La dimostrazione dell'ultima modifica dei vangeli con i relativi dettagli si può leggere nella 3^ parte del VI studio dedicato al "Testimonium Flavianum".
In realtà, in contrasto alla dottrina pacifista ideata alla fine del II secolo dagli Esseni, questi, seppur mitizzandole, presero spunto dalle vicende zelote sopra descritte. Eventi che riguardavano la lotta, condotta nel primo secolo da cinque fratelli appartenenti alla dinastia ebraica, definita più volte da Giuseppe Flavio "di grande potere".

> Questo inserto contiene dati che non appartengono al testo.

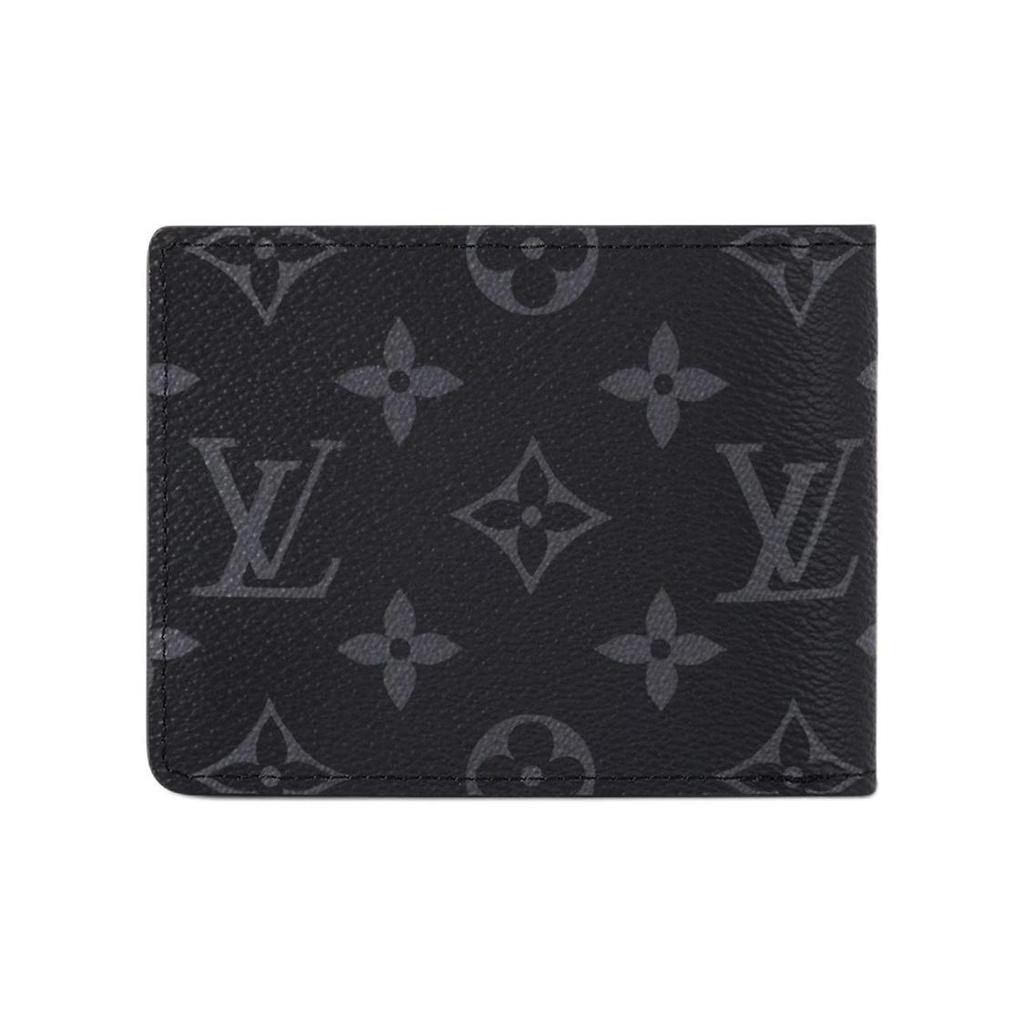 Louis Vuitton Schlank Klassisch Alte Blume Eclipse Kompakt und Dünn 8 Kartenfächer 1 Geldschein-Sandwich Kartenfach Geldbörse Klein Herren Schwarz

Una stirpe di sangue reale che, rivendicando il diritto a insediarsi sul trono dei Giudei appartenente agli Asmonei, si impegnò, fino al martirio, in una guerra contro il dominio di Roma attraverso un contesto storico pericoloso ed estremamente difficile per gli Israeliti.

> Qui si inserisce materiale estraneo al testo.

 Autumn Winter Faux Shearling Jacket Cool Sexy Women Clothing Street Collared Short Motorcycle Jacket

Il casato asmoneo si estinguerà definitivamente nel 73 d.C. per mano dei Romani con la caduta di Masada, ultima roccaforte degli Zeloti, condotti dal nipote di Giuda il Galileo: Eleazar bar Jair (Lazzaro figlio di Giairo).
Una triste epopea perfettamente compatibile con le vicende reali di quegli anni, riferite, oltre che da Filone Alessandrino, soprattutto, come stiamo per relazionare, da Giuseppe Flavio e Cornelio Tacito, ma confermate, pur con descrizioni ridotte, anche da Svetonio e Cassio Dione.
Parte terza
Come abbiamo appena letto, lo studio sopra pubblicato è servito a scoprire la vicenda che originò il mito di “Gesù Cristo”, Figlio di Dio, ideato dagli Esseni dopo l’ultimo olocausto giudaico perpetrato da Adriano nel 135 d.C. per punire l’ultima grande rivolta degli Ebrei. Tuttavia, scorrendo gli eventi trattati, i lettori accorti avranno sicuramente rimarcato l’importanza, sotto il profilo storico, determinata dal fatto che, mentre era in corso una guerra fra Roma ed il Regno dei Parti, Lucio Vitellio, l’uomo più potente dell’Impero Romano dopo Tiberio, si sia recato due volte a Gerusalemme: nel periodo della Pasqua ebraica del 36, come in quella del 37 d.C. Gli stessi anni in cui, nella Città Santa, secondo i documenti neotestamentari, appena dopo la risurrezione del “Salvatore”, gli Apostoli da Lui scelti iniziarono a compiere “Atti miracolosi”, tali da stupire i Gerosolimitani e tutti gli abitanti delle città vicine, guarendo da qualsiasi male ogni infermo, fino al punto di far risorgere i morti (At 5,12; 9,34; 9,40).
La concomitanza fra gli “Atti degli Apostoli” e gli “Atti di Lucio Vitellio”, da circa un secolo ha iniziato a preoccupare gli storici genuflessi della Roma antica, i quali “istintivamente” percepivano che qualcosa sfuggiva alla “tradizione cristiana”, una sensazione che, in mancanza di spiegazioni plausibili, rischiava di trasformarsi in angoscia.
Oltre mezzo secolo fa, uno di tali studiosi, Albino Garzetti, ha rotto gli indugi conducendo una apposita “analisi” finalizzata a sminuire le imprese del grande condottiero romano, finendo col negargli uno dei due viaggi a Gerusalemme (per ridurre l’attenzione dei ricercatori curiosi) e, soprattutto, intesa a modificare la datazione delle gesta di Vitellio, con il malcelato intento di allontanarle dall’epoca di Gesù e dei Suoi successori.
Effettivamente, Albino Garzetti, con le sue “applicazioni” su Lucio Vitellio, riuscì a placare l’ansia repressa dei suoi epigoni, e da loro, in segno di riconoscenza per tali studi, è stato citato nei libri di storia … al punto che è riuscito ad “entrare nella storia”.